### YOUR INSTRUCTIONS
Only one stretch of the listing below is wanted. Give it again exactly, from the line with "Antarmuka pengguna MIGASPIN" through the line with "2102 - Geoff".

### STORED DATA
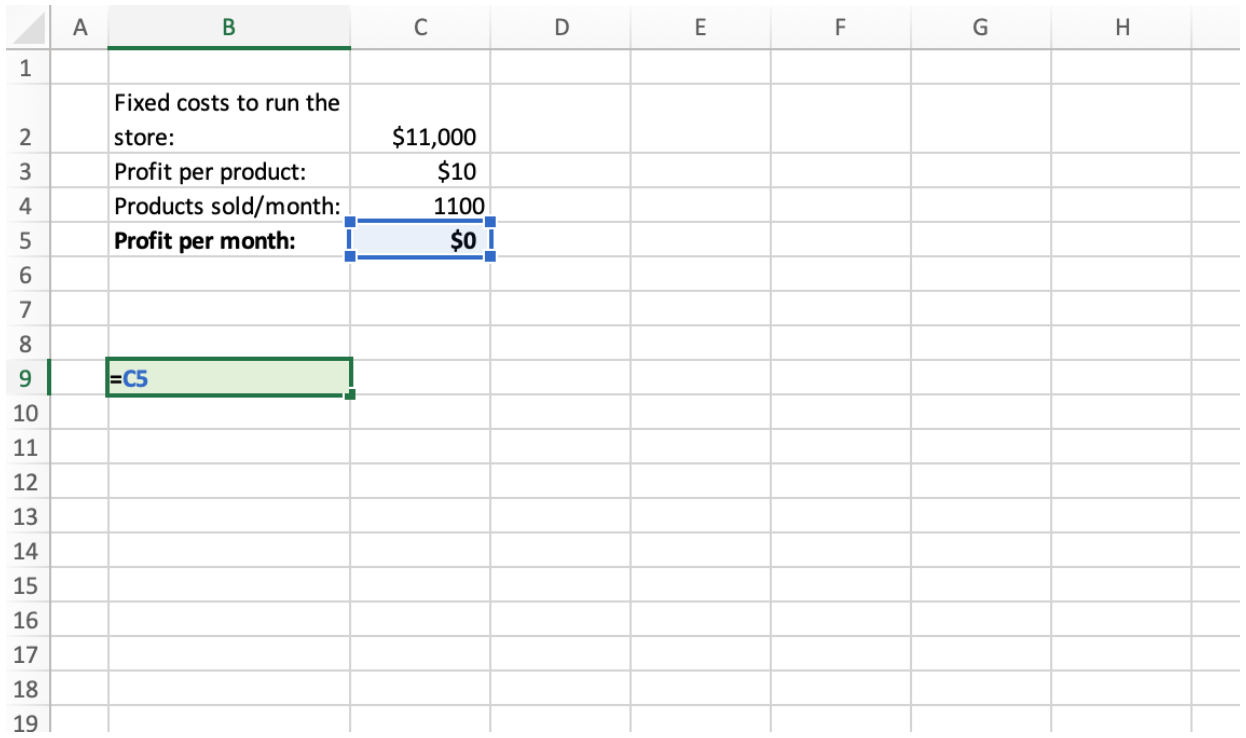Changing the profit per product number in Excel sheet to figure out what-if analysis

==

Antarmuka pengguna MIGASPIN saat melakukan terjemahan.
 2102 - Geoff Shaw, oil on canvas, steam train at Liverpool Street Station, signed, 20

--

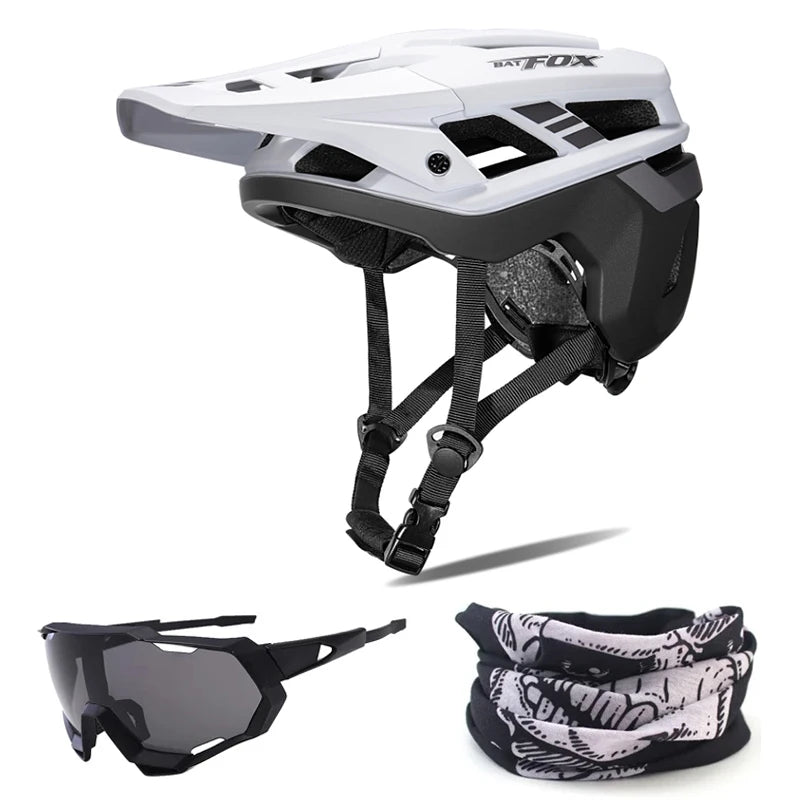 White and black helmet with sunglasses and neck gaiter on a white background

### PROBLEM SOLUTION
Antarmuka pengguna MIGASPIN saat melakukan terjemahan.
 2102 - Geoff Shaw, oil on canvas, steam train at Liverpool Street Station, signed, 20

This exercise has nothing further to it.